> Exercise aim
Please write out exactly the lines of the data below from the line holding "Black and white portrait" through the line holding "2569 Maynards Mill", and leave out the rest.

[Short descriptive text snippets]
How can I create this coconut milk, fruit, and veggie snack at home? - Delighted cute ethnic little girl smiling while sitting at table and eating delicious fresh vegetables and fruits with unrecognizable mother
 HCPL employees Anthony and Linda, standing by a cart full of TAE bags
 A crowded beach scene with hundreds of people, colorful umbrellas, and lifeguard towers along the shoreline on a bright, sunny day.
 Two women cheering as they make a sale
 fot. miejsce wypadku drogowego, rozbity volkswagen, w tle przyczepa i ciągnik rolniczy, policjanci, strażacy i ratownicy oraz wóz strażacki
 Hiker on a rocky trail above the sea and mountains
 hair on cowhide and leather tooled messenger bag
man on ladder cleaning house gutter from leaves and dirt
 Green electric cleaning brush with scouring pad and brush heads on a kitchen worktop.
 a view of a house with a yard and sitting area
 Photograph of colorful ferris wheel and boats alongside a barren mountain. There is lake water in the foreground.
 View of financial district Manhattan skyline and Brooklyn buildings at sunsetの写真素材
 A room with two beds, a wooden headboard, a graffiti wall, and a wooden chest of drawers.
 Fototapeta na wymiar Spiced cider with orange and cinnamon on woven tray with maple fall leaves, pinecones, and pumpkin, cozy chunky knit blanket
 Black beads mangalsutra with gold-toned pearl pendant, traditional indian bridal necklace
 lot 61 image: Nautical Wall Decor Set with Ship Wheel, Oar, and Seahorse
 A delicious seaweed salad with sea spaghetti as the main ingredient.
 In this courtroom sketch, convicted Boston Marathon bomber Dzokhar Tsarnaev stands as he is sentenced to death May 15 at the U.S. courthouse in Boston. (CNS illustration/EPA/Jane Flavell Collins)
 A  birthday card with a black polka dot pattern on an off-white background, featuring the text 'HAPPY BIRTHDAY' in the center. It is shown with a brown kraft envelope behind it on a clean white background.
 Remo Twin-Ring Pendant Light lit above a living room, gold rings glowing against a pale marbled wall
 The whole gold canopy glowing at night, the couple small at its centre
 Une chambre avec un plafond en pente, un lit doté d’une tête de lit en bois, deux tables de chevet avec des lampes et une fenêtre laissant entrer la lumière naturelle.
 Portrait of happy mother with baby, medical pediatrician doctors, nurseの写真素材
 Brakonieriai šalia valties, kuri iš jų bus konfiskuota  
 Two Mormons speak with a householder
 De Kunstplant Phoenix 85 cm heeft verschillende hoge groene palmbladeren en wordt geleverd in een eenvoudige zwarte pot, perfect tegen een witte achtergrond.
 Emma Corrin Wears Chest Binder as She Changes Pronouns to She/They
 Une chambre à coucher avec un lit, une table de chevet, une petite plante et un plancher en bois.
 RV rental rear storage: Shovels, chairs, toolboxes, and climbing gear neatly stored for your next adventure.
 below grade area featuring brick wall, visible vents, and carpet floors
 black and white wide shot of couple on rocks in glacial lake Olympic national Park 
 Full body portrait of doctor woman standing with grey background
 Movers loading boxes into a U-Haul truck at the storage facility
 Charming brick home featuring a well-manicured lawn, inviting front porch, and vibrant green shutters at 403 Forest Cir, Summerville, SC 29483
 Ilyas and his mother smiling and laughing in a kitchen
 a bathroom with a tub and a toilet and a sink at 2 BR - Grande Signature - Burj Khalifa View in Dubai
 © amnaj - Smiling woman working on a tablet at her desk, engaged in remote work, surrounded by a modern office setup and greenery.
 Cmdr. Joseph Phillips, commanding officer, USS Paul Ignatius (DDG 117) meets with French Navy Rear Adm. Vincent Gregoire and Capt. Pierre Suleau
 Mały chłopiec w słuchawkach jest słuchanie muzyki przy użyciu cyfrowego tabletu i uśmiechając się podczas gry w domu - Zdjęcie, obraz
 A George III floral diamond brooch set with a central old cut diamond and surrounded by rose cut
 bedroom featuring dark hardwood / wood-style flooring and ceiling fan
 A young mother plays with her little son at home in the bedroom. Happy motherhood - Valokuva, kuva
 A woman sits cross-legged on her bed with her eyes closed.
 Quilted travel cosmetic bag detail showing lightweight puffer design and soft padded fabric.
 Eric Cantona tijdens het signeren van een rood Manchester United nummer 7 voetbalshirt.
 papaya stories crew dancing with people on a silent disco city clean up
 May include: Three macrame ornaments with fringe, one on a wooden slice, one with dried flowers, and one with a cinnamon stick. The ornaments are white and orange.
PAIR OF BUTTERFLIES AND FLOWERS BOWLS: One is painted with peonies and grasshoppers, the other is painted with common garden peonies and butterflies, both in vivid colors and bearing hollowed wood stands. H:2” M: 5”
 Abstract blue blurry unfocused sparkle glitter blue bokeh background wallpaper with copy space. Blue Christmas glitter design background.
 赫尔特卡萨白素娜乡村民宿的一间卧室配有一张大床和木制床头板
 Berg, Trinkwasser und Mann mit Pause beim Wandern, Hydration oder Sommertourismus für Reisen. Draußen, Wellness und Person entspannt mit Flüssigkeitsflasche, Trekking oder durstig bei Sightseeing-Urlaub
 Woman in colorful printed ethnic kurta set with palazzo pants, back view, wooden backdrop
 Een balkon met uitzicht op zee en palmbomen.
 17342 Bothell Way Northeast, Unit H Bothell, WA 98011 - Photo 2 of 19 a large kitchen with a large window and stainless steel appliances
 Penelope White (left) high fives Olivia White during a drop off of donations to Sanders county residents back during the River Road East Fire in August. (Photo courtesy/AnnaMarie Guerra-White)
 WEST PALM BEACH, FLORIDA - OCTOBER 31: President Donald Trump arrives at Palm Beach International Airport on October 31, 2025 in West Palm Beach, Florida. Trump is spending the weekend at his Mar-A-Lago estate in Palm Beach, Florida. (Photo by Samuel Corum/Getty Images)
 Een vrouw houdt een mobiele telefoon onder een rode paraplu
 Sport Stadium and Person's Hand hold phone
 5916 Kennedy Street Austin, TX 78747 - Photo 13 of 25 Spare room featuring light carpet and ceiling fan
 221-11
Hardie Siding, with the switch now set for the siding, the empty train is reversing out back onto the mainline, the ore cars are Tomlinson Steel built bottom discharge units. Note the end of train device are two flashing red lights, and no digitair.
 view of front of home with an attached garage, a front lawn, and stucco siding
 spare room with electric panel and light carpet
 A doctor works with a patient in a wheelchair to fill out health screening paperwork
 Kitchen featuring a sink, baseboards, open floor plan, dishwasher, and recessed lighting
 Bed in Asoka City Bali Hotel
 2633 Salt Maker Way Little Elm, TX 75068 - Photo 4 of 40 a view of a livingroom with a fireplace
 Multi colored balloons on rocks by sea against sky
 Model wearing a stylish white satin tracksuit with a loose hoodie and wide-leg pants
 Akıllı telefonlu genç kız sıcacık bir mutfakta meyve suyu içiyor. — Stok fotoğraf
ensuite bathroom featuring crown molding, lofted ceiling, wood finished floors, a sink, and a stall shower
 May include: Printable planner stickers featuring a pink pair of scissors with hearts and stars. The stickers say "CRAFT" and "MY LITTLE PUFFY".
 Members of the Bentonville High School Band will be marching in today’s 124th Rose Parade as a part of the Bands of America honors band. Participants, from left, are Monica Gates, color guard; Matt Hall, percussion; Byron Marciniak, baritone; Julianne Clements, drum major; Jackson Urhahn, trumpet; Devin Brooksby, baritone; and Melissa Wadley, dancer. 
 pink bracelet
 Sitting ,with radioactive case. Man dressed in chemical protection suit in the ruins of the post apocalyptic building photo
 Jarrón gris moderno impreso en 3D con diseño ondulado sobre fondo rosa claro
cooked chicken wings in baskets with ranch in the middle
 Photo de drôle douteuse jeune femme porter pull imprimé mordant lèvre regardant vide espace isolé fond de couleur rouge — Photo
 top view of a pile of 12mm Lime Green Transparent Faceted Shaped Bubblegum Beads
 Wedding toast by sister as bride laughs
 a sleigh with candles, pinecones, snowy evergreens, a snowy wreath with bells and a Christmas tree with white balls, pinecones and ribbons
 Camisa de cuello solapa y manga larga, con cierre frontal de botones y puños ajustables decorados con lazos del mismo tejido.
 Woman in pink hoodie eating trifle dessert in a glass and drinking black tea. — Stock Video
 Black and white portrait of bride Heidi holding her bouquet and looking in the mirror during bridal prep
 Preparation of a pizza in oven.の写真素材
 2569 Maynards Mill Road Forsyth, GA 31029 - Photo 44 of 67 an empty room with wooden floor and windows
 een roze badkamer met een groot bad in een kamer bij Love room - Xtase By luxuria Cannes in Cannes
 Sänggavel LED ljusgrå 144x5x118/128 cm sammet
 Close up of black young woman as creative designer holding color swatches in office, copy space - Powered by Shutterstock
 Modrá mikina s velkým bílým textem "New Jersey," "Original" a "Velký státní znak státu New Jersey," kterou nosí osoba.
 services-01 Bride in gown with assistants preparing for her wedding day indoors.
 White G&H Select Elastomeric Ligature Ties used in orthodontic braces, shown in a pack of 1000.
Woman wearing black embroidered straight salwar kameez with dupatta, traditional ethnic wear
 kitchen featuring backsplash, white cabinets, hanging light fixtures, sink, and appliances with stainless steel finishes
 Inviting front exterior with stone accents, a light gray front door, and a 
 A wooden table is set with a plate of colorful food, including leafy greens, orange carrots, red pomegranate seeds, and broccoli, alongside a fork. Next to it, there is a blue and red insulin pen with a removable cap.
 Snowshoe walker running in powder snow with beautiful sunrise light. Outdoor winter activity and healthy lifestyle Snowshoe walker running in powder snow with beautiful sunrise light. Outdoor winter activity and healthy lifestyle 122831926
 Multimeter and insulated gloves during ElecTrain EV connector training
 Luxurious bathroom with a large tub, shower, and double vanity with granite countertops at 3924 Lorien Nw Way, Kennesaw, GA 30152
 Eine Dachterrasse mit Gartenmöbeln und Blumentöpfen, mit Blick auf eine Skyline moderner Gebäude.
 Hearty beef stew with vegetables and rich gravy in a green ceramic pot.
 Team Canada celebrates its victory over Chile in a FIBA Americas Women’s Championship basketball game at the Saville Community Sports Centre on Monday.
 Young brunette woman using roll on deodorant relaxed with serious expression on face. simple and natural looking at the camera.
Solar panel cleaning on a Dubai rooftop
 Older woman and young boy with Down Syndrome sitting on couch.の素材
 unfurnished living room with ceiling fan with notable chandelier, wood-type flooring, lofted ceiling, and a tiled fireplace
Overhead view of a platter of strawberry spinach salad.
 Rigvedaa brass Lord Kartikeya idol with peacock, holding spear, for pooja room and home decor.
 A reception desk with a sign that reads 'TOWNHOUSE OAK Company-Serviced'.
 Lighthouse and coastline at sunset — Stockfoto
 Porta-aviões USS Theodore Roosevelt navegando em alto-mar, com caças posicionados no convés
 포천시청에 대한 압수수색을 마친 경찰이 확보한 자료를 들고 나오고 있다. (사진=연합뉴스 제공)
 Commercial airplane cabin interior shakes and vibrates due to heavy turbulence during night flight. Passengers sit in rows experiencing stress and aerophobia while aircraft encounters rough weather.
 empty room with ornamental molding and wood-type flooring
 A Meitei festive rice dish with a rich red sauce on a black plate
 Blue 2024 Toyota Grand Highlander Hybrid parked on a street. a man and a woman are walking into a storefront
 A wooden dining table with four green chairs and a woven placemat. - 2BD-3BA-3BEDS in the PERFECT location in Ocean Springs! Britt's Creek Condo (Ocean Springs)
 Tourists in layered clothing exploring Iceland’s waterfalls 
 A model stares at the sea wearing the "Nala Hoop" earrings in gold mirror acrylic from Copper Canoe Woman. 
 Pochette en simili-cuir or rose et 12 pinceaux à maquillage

> Worked solution
 Black and white portrait of bride Heidi holding her bouquet and looking in the mirror during bridal prep
 Preparation of a pizza in oven.の写真素材
 2569 Maynards Mill Road Forsyth, GA 31029 - Photo 44 of 67 an empty room with wooden floor and windows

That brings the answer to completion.